• What needs to be done
The answer must be an exact copy of the lines from the one containing "DieFotografen_0349.jpg" through the last line of the records, with no pictures.

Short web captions
***

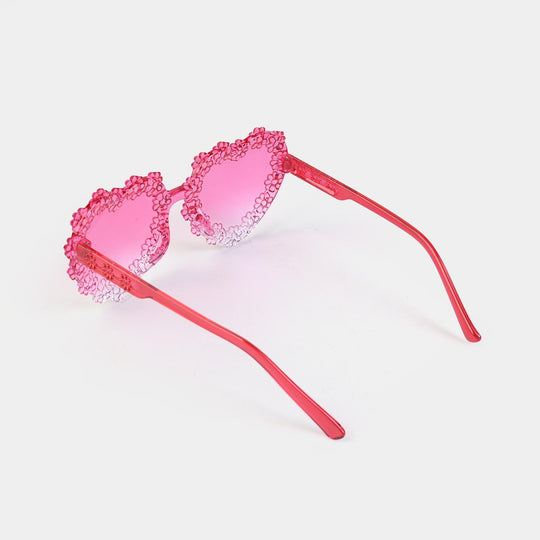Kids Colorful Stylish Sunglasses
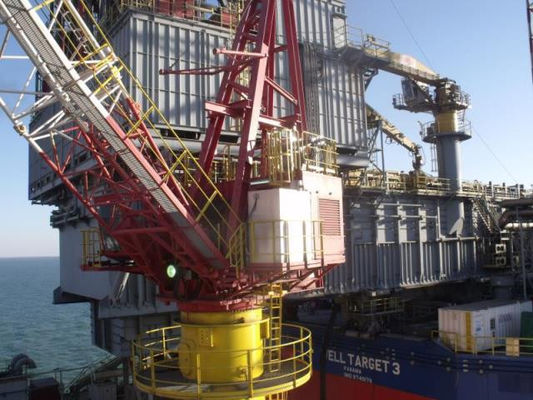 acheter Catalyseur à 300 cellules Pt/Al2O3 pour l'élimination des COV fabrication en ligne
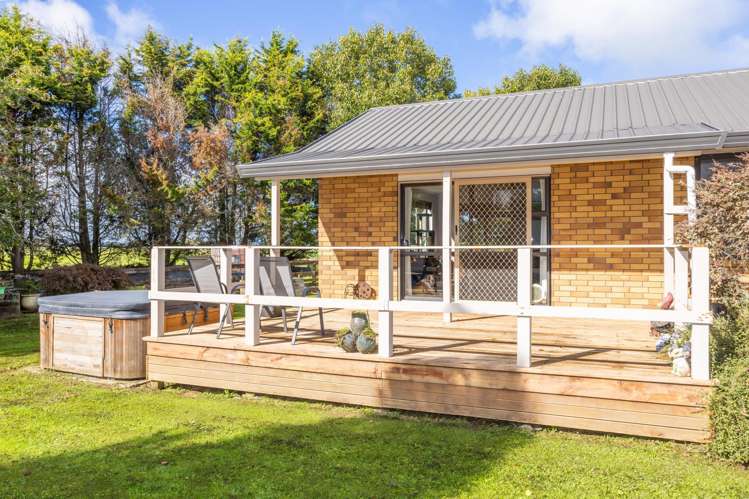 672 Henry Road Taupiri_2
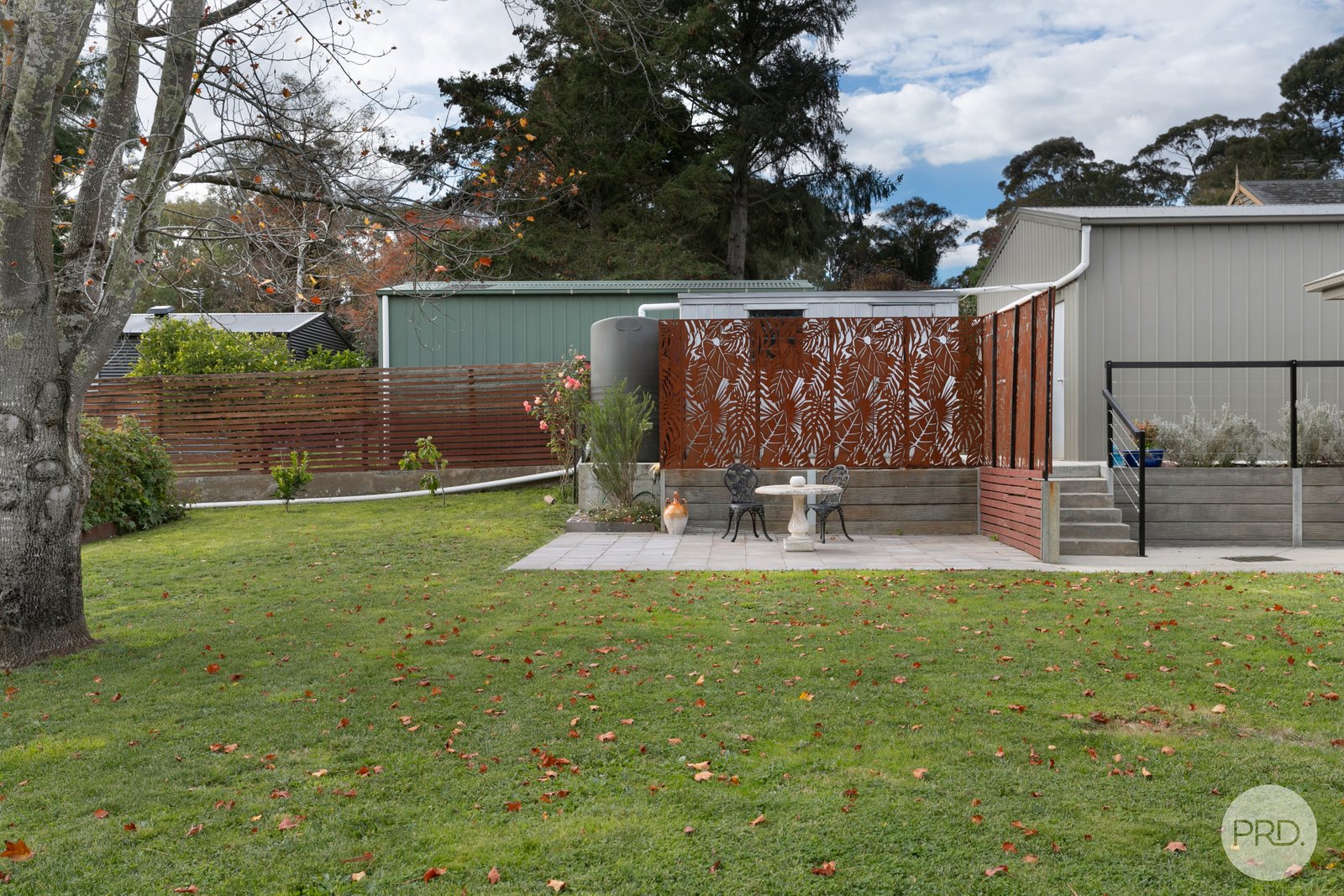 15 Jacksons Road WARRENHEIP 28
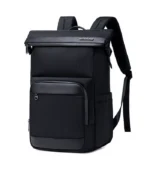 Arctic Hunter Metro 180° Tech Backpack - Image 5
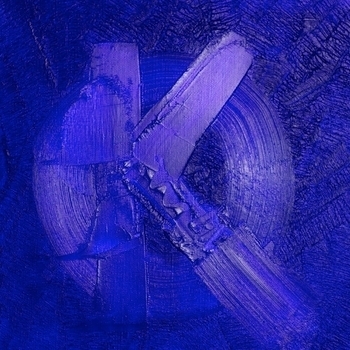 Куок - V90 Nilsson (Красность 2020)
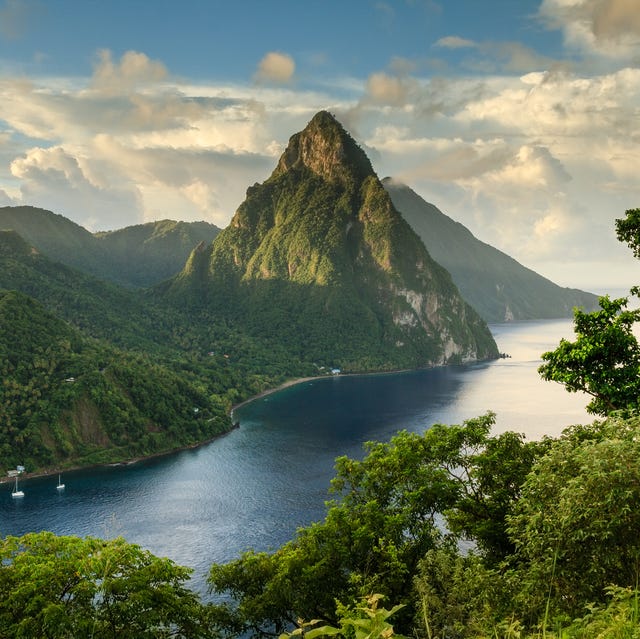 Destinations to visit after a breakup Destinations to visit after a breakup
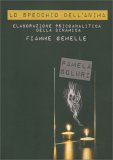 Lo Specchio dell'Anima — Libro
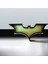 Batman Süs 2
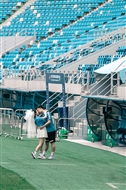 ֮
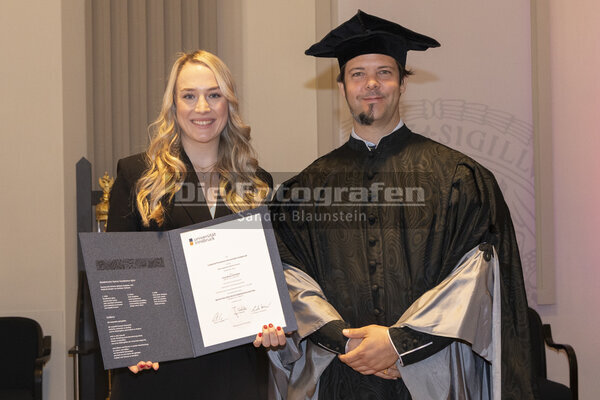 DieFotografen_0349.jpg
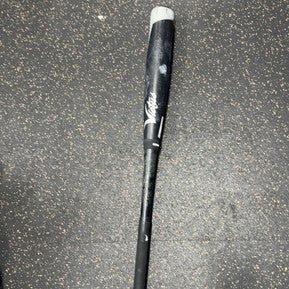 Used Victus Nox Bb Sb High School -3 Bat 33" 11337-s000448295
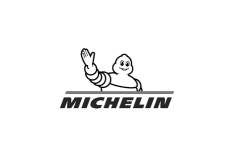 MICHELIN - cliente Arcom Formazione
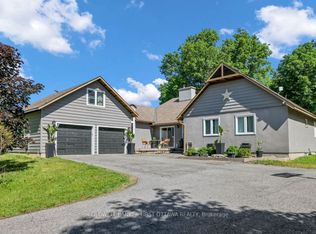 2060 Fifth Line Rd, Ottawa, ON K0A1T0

***

• Task response
 DieFotografen_0349.jpg
 Used Victus Nox Bb Sb High School -3 Bat 33" 11337-s000448295
 MICHELIN - cliente Arcom Formazione
 2060 Fifth Line Rd, Ottawa, ON K0A1T0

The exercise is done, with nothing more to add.